I am torn. Never before has a topic been posted that I am more suited to answer. YET! If I gave a thorough answer, including ALL of my knowledge on Lubricant Dispensing Systems, I would get banned for *Lewd* and *lascivious* conduct.

Tonight, I weep.


----------



## vdaman18 (12 mo ago)

Logtec said:


> Just use 3/4” garden hose, that would be fine.

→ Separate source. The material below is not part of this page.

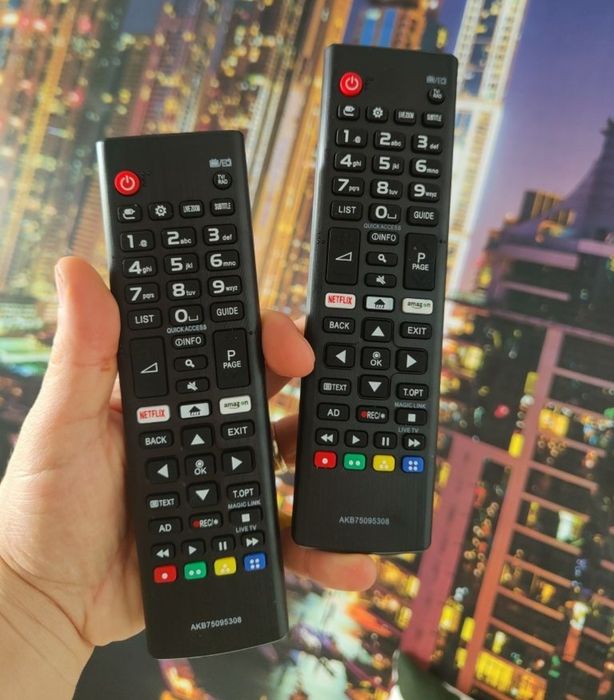 Telecomanda LG TV , model nou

It’s going to save you a lot of money on installation.


🤣


----------



## vdaman18 (12 mo ago)




----------



## goeswiththeflow (Feb 24, 2018)

OMG, that was funny.


----------



## goeswiththeflow (Feb 24, 2018)

> Tonight, I weep.


LMAO


----------



## skoronesa (Oct 27, 2015)




----------



## OpenSights (Mar 23, 2015)

vdaman18 said:


> Hi, I have someone who wants me to run piping in his auto shop to deliver motor oil from a storage tank to 6 filling stations with dispensing guns. Pipe will run 40 feet up and about 500 feet across to the stations. What kind of pipe is generally used in these situations? I figured I would just run 3/4" black pipe. Are there better alternatives?

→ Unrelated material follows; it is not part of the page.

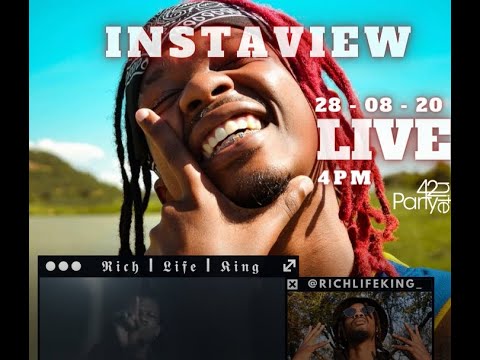 RichLifeKing LIVE #INSTAVIEW​​​​​ presented by Party42nite [S02E23]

You might want to look over the forum rules again and report back.


----------



## skoronesa (Oct 27, 2015)

vdaman18 said:


> Hi, I have someone who wants me to run piping in his auto shop to deliver motor oil from a storage tank to 6 filling stations with dispensing guns. Pipe will run 40 feet up and about 500 feet across to the stations. What kind of pipe is generally used in these situations? I figured I would just run 3/4" black pipe. Are there better alternatives?


Don't mind me........


----------



## Tango (Jan 13, 2018)

Intro or no go.


----------



## Logtec (Jun 3, 2018)




----------



## Tango (Jan 13, 2018)

skoronesa said:


> I am torn. Never before has a topic been posted that I am more suited to answer. YET! If I gave a thorough answer, including ALL of my knowledge on Lubricant Dispensing Systems, I would get banned for *Lewd* and *lascivious* conduct.
> 
> Tonight, I weep.


Such a poet, send this man some flowers!


----------



## skoronesa (Oct 27, 2015)

Tango said:


> Such a poet, send this man some flowers!

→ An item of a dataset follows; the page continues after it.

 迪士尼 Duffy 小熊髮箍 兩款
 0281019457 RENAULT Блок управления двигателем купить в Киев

I stand in the shadow of the modern greats such as Bo Burnham. His re-imagining of Shakespeare is second to none.

_ 
........ This next piece is called "Sonnet 155," or "If Shakespeare Had Written a Porno," and it goes like this:

I saw the morning dew betwixt thine thighs
As I removed my source of Grecian power
As if King Midas dared to touch the skies
Upon thy body fell a golden shower

Thy body's temples: Two church bells had rung
Upon thy chest, a row of pearls bestowed
The sun had set; thy set, with weary, hung
I thought, "How black a night and blew a load!"

I said, "What light through yonder beaver breaks?
It is the yeast, and now my belly's yellow"
My pole gives cause to storms and earthy quakes
But 'tis not massive, I am no Othello

And when that final moment came to pass
Like Christ, I came, riding on an ass
.........._


----------



## goeswiththeflow (Feb 24, 2018)

I hate, and I mean hate, literature, but that was readable.


----------